Authorities are also investigated whether another person could have been involved. "Due to the unusual circumstances, the Sheriff's Office is investigating to determine if foul play may have resulted in the death of Mr. Garner," District Attorney Paul Frasier told KCBY.
It is unclear how many pigs live on Garner's farm, but people say that one of them had been aggressive toward Garner before. Like humans, pigs are omnivores and have previously been reported to eat people. In 2005, a 56-year-old wife of a pig farmer in Romania had been knocked unconscious and eaten in the pig's sty, according to UPI. Her ears, half her face and her fingers had been torn off, according to a doctor.

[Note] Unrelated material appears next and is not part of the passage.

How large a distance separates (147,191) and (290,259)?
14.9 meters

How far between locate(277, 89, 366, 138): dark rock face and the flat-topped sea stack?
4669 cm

Terry's brother Michael Garner, 75, of Myrtle Point said that his brother was "a good-hearted guy" who cared a lot about his sows and a boar named Teddy, according to The Register-Guard.
"Those animals were his life," Michael told the paper. "He had all kinds of birds, and turkeys that ran all over the place. Everybody knew him." Michael said one of the large sows had bit Terry last year when he accidentally stepped on a piglet. He said that Terry had initially said he would kill it, but changed his mind later.
Domestic hogs are not typically as aggressive as their wild cousins, but "there is some degree of danger associated with any animal," John Killefer, who heads the Animal and Rangeland Sciences Department at Oregon State University in Corvallis, said, according to The Register-Guard.